SETH VAN DER LOO (Centurian) – Never write stuff you don’t master

SETH VAN DER LOO (Centurian) – Never write stuff you don’t master

"Never write stuff you don’t master" is only one of the advices Centurian drummer Seth van der Loo gives us in his version of The Blast Beast Series. He also tell us his biggest rolemodel is Nico McBrain, he hate homework and tha he know how to use his skills and don’t do stuff he can’t.


What is the force behind you being a drummer, that is, what keeps you going?

I love creating new music and using my skills to make the song come out the best possible way. Also I’m playing with a bunch of very talented guys who are also great friends.

You are playing in a genre where both technique and speed, together with groove, are important ingredients. What do you think is the most important of these?

How to use all of them so the song is not about the drummer but about the whole band and that song in particular.

Which drummer has inspired you the most throughout the years, and what would you have said to him/her if you had the chance to meet him/her in person?

Many drummers have inspired me in different phases of my carreer, but all over my biggest inspiration would be Nicko Mc Brain. He always plays with passion and puts his signature on his drums. He doesn’t over-do anything but is very talented at the same time. I would probably just thank him and the band for all their great records. I hope they will go on for a while, the last record was very strong and Nicko still kicks ass. Tight as hell and hard hitting while enjoying himself a lot obviously. I really hope to meet him one day.

Which is best while rehearsing alone: systematic progress or full improvisation?

For me improvisation. I like to be creative and hate "homework".


Do you have any "core rehearsal tips" that have given you a lot of progress in your drumming?

Never write stuff you don’t master, know what you can and can’t play. Reaching a certain speed is one thing, but playing a blast right with the right dynamics is something different. Also practise without triggers, learn acoustic drums and don’t start ultrafast when you just learn how to play. Start at the beginning.

What is important for you while rehearsing new songs/riffs with your band? Is there something in particular you do or listen for?

To have the same idea about a song as the rest of the band, so the song will come out the right way and becomes alive.

What is, in your opinion, the biggest challenges for extreme drummers (or, generally speaking, drummers), and what can you do to work them out?

To write good songs. That’s way more important than technique. The right beat at the right place.

Wrists or fingers? Heel up or down? Why?

Wrists and fingers, heels up. Why? Cause I hit harder that way and I can use my energy. Also it feels natural, I actually don’t really pay attention to it.

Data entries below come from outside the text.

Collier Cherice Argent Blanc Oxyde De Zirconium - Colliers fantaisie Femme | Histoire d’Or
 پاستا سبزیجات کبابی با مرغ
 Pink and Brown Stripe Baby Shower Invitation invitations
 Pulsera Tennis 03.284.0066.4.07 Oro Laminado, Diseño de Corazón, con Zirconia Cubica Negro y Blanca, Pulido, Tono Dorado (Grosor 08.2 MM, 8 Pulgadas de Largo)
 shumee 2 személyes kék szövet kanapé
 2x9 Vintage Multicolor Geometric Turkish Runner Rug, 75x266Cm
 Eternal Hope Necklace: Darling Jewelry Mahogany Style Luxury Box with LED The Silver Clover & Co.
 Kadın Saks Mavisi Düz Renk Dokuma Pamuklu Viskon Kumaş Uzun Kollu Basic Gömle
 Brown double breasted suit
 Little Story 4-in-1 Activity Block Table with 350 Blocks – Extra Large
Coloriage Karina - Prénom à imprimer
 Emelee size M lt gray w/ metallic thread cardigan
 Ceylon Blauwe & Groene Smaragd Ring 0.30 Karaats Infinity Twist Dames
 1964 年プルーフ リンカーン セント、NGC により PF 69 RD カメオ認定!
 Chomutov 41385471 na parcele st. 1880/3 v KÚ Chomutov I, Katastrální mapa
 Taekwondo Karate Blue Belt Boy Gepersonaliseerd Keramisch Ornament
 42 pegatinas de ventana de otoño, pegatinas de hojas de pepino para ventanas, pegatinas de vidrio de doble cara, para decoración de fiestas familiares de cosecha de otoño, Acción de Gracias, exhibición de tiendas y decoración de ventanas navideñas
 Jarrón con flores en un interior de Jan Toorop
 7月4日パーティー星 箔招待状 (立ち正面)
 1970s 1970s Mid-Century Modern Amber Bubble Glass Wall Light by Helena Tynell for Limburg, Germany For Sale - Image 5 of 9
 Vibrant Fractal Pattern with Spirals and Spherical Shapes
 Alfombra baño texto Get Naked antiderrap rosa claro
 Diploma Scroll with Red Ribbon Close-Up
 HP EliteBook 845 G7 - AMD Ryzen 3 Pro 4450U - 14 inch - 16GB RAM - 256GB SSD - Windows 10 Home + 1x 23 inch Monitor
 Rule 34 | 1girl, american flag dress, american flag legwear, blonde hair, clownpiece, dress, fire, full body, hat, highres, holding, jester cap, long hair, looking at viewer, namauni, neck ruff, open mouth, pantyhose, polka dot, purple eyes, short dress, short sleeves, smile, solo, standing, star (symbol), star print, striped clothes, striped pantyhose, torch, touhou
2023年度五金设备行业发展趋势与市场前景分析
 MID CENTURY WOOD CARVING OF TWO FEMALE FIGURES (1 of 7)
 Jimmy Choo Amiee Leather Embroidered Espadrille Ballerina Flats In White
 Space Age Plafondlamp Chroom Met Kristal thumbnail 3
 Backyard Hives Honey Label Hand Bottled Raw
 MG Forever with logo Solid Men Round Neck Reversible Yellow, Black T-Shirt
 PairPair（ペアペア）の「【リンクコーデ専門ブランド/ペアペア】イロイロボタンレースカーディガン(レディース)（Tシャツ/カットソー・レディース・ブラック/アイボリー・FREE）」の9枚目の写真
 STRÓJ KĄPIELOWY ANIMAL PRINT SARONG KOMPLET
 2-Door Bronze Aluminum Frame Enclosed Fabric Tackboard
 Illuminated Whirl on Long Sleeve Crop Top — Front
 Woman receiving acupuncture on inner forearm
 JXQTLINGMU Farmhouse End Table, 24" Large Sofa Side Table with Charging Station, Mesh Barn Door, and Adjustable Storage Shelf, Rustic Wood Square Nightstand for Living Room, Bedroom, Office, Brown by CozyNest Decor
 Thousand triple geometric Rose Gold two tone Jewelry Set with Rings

You must have rehearsed for an insane amount of hours to be as good a drummer as you are. Do you think it is worth it, and have you ever thought about quitting?

I rehearse about once a week, and of course have done my share of shows and tours. I’m not as good as the elite deathmetal drummers but I know how to use my skills and don’t do stuff I can’t. That’s why everything sounds controlled.

While playing at a concert: are you 100 % concentrated about what you are doing, or do you notice some of the mood and energy among the audience?

That depends on the gig, sometimes I can’t see the audience, but I can feel a vibe going on. Movement in the crowd gives me some extra energy usually.


Is it expensive to become a drummer, and what does it take outside all that can be bought for money to become a clever and good drummer in extreme metal?

It doesn’t have to be expensive. One can find good secondhand kits nowadays. I never took any form of lessons but used a tapedeck with headphones and played along with lots of music, so that was cheap as well. Most of the cleverness is in the mind. Creativity is a free thing for me.

And then some about your equipment:

Which snare drum and configuration do you like the best? 12", 13" or 14"? And which material? Wood, steel, brass or bronze?

I use a tama 14"brass snare now, that sounds killer. But I’ve heard killer snares in all types. It’s a personal choice. I could go for wood as well, just depends on the specific snare.

What kind of pedal(s) do you use? And which "settings" fits your style the best?

DW 5000. I use em the way they come out of the box. Oldschool.

As always, we are rounding off with you picking the next drummer in these series. Pick a drummer, and explain why he/she deserves (!) to be one of our Blast Beasts.

My choice is Koen Herfst (I-Chaos, Dew-Scented, Armin van Buuren). He is I think one of the most talented dutch drummers at the moment who can play different styles at a very high level.